[Crawled caption data]
# # # # #

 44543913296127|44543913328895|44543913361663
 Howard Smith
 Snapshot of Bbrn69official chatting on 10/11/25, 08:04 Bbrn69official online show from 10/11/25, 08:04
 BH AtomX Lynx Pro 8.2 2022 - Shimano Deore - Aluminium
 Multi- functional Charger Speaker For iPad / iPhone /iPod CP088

# # # # #

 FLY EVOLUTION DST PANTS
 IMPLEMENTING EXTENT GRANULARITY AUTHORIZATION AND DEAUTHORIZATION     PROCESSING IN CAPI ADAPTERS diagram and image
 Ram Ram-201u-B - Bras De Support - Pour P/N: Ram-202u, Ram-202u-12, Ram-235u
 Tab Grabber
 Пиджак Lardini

# # # # #

Print exactly the lines above, between the one holding "44543913296127|44543913328895|44543913361663" and the one holding "Multi- functional Charger", inclusive, and nothing besides.

- Output below -
 44543913296127|44543913328895|44543913361663
 Howard Smith
 Snapshot of Bbrn69official chatting on 10/11/25, 08:04 Bbrn69official online show from 10/11/25, 08:04
 BH AtomX Lynx Pro 8.2 2022 - Shimano Deore - Aluminium
 Multi- functional Charger Speaker For iPad / iPhone /iPod CP088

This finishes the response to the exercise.